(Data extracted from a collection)

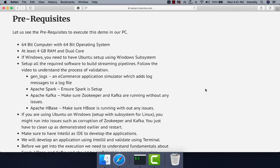Let us see the prerequisites to execute streaming pipelines demo on our PC. We need to have a 64-bit computer and 64-bit operating system. The computer should have at least 4GB RAM and dual-core CPU. Dual-core is mandatory and quad-core is highly desired. If you don't have quad-core, things might be a bit slow, so you need to be patient if you are using a low-end laptop.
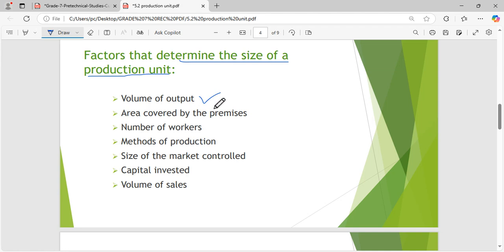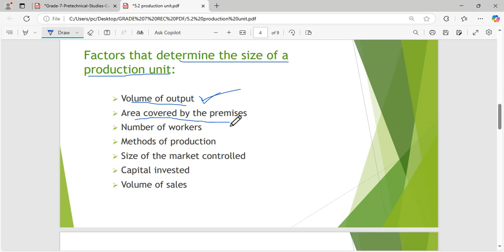The volume of output: Coca-Cola produces maybe 10 million bottles of soda every day, but a local water store in your town sells maybe 10 bottles of water in a day. So you can conclude that Coca-Cola is a big production unit because of the volume of output — how much they are producing. That is one factor.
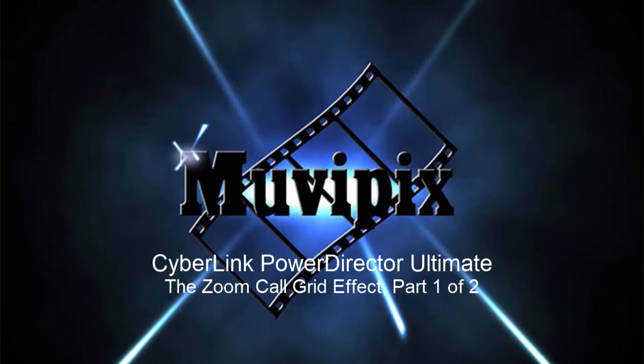Hi folks, this is Steve Grisetti, co-founder of MoviePix.com and author of the MoviePix.com guide to CyberLink PowerDirector Ultimate.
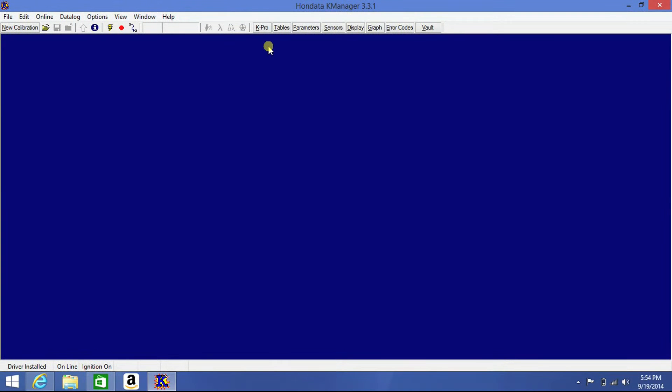I'll be showing you how to download your calibration from your ECU to your laptop. With your KManager software open, plug up your USB cable from your laptop to your KPro.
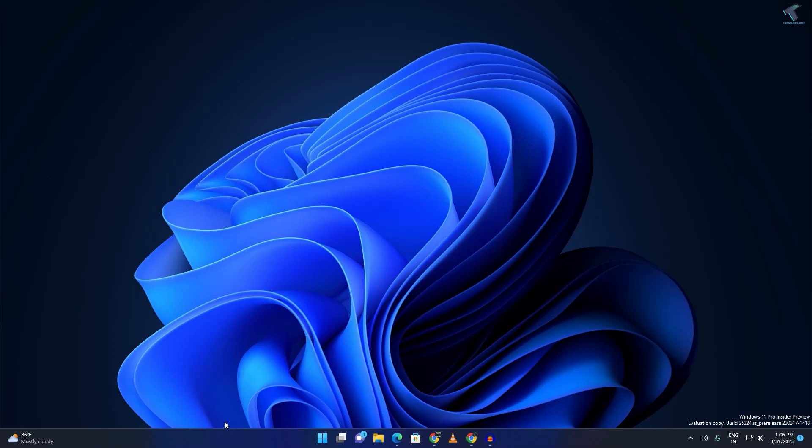Hi guys, welcome back to my channel Treknology. Today in this video tutorial, I will show you how to fix the search box not showing on your taskbar on your Windows 11 PC or laptop.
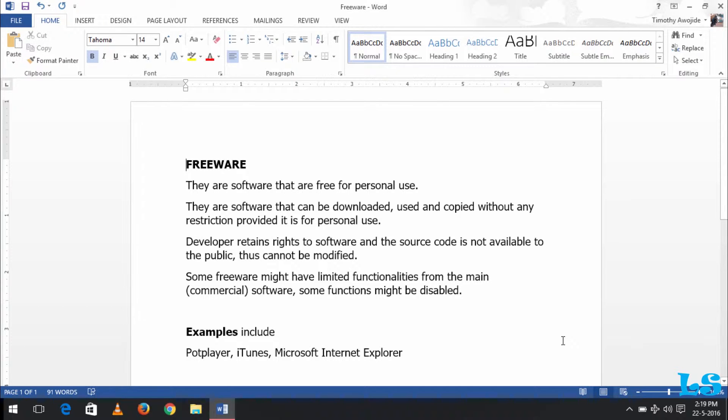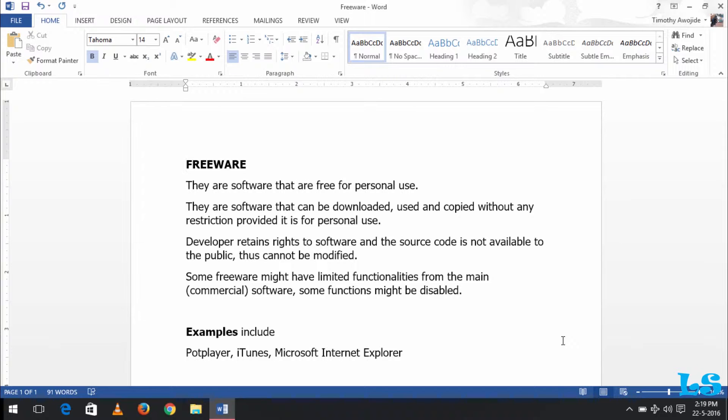Freeware are software that are free for personal use. That is, a developer develops a software and provides it to the end user to be used for personal use, although some freeware are also free for commercial use.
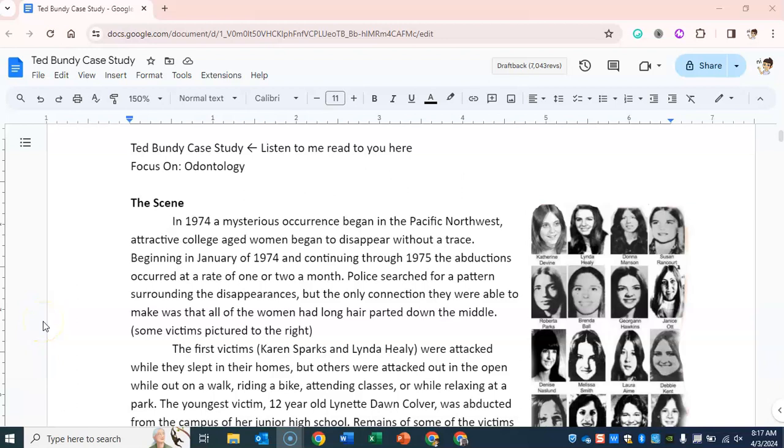Ted Bundy case study. This case study has a focus on odontology, which is forensic dentistry.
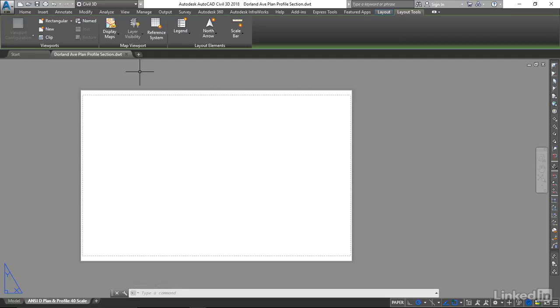Creating the template file is only the beginning. We also need to set up the title block and create text fields for the template file, which is covered in subsequent videos.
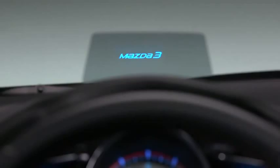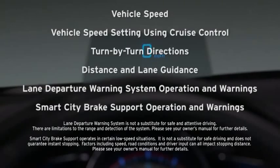The active driving display gives you important information as you keep your head up and eyes on the road. The active driving display shows the following information: vehicle speed, vehicle speed setting using cruise control, turn-by-turn directions, distance and lane guidance.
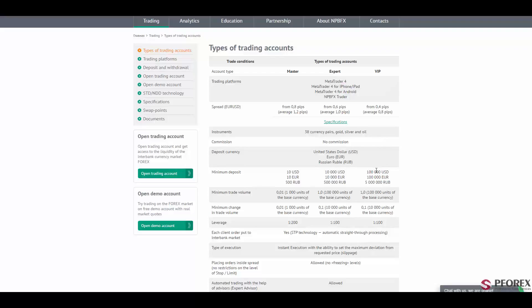And right after that is the VIP account, with $100,000 in Euro and currency for the minimum deposit, and 5 million in Russian ruble. The leverage offered for a master account is 1 to 200, and the leverage offered for expert account is 1 to 100, and 1 to 100 for the VIP account.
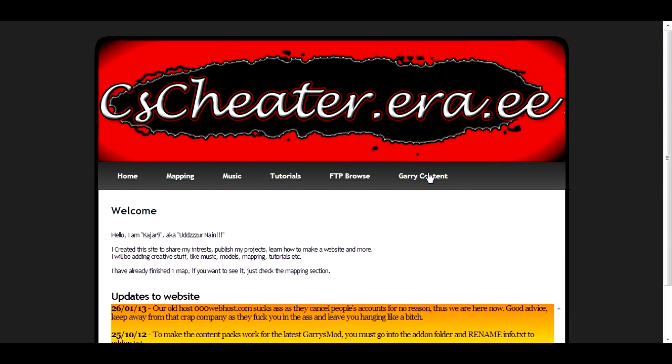The first thing that you want to do to get these textures for free so you can play Gmod easily is go to this website called cscheater.era.ee, and that of course will be linked in the description.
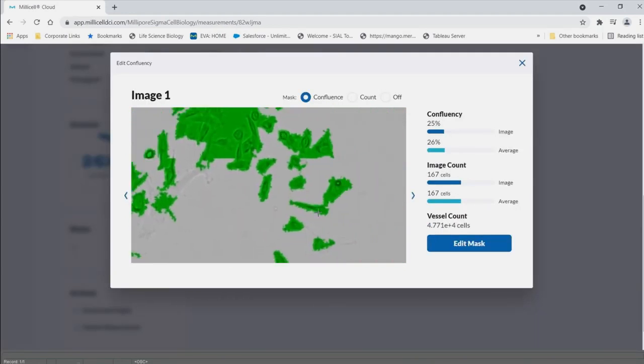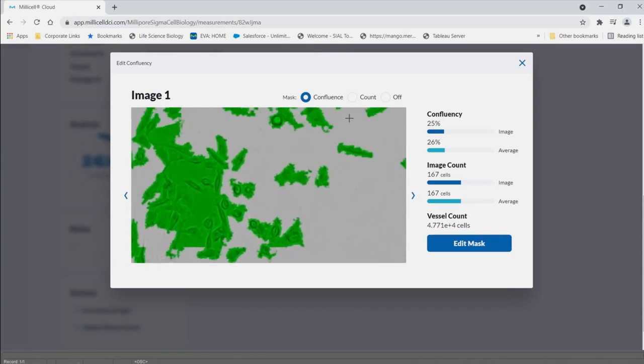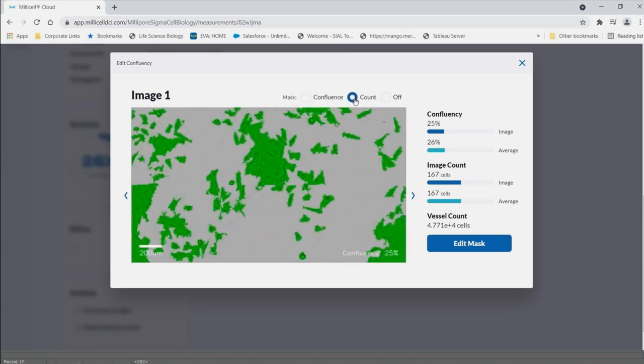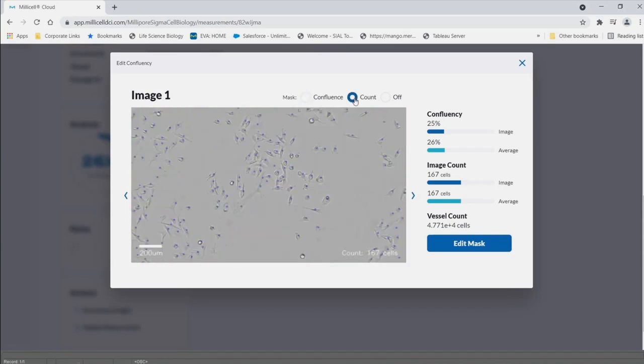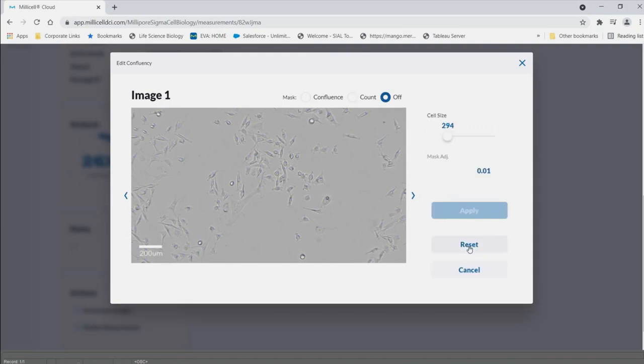Within the image analysis, you can pan over the image and review the confluency, estimated cell count, or cell count analysis.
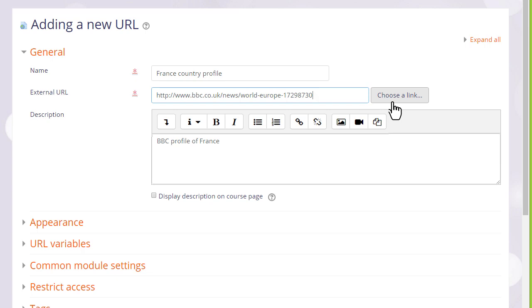And if we don't exactly know where our uploaded file is we can click the choose a link button and that will take us to the file picker.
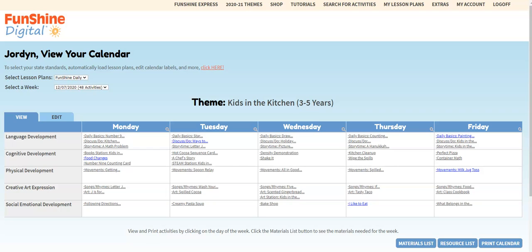We hope you're enjoying using Funshine Digital Lesson Plans. We'd like to tell you a little bit more about the My Lesson Plans page. First, you see the Select Lesson Plans drop-down. This allows you to move back and forth between the Funshine Daily Lesson Plans and Christian Lesson Plans if you have them.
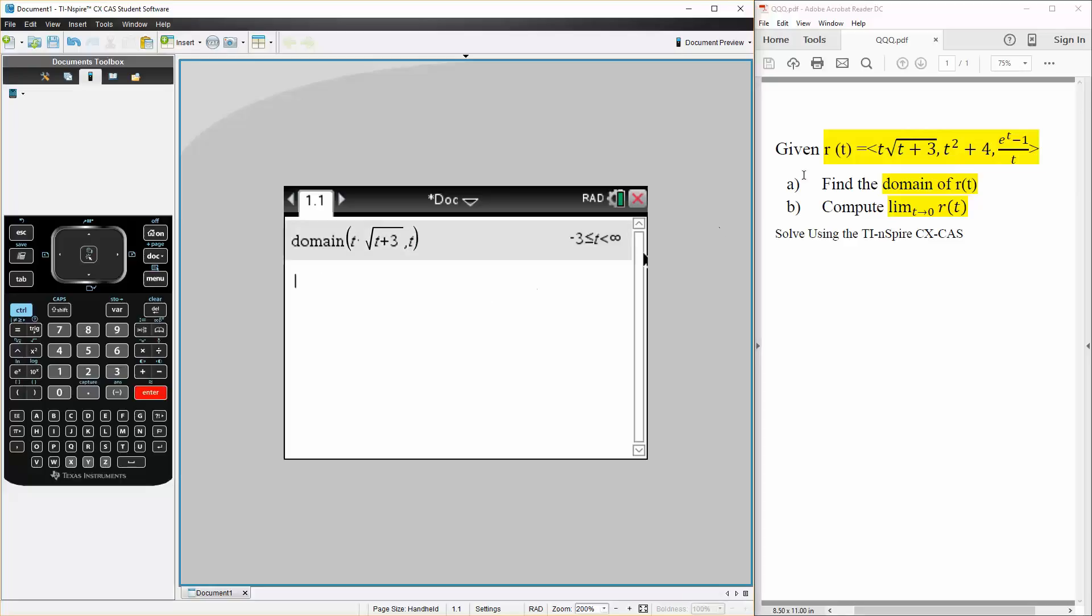and for the domain, for this one, it's going to be, it can equal negative 3 and all the way to infinity. Likewise, we do the other two terms.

- [Directions] Print only the lines from the first line of the data above through the one containing "Hi guys, welcome", exactly as they are, with pictures omitted.

- [Response for this exercise]
Let us see the prerequisites to execute streaming pipelines demo on our PC. We need to have a 64-bit computer and 64-bit operating system. The computer should have at least 4GB RAM and dual-core CPU. Dual-core is mandatory and quad-core is highly desired. If you don't have quad-core, things might be a bit slow, so you need to be patient if you are using a low-end laptop.
The volume of output: Coca-Cola produces maybe 10 million bottles of soda every day, but a local water store in your town sells maybe 10 bottles of water in a day. So you can conclude that Coca-Cola is a big production unit because of the volume of output — how much they are producing. That is one factor.
Hi folks, this is Steve Grisetti, co-founder of MoviePix.com and author of the MoviePix.com guide to CyberLink PowerDirector Ultimate.
I'll be showing you how to download your calibration from your ECU to your laptop. With your KManager software open, plug up your USB cable from your laptop to your KPro.
Hi guys, welcome back to my channel Treknology. Today in this video tutorial, I will show you how to fix the search box not showing on your taskbar on your Windows 11 PC or laptop.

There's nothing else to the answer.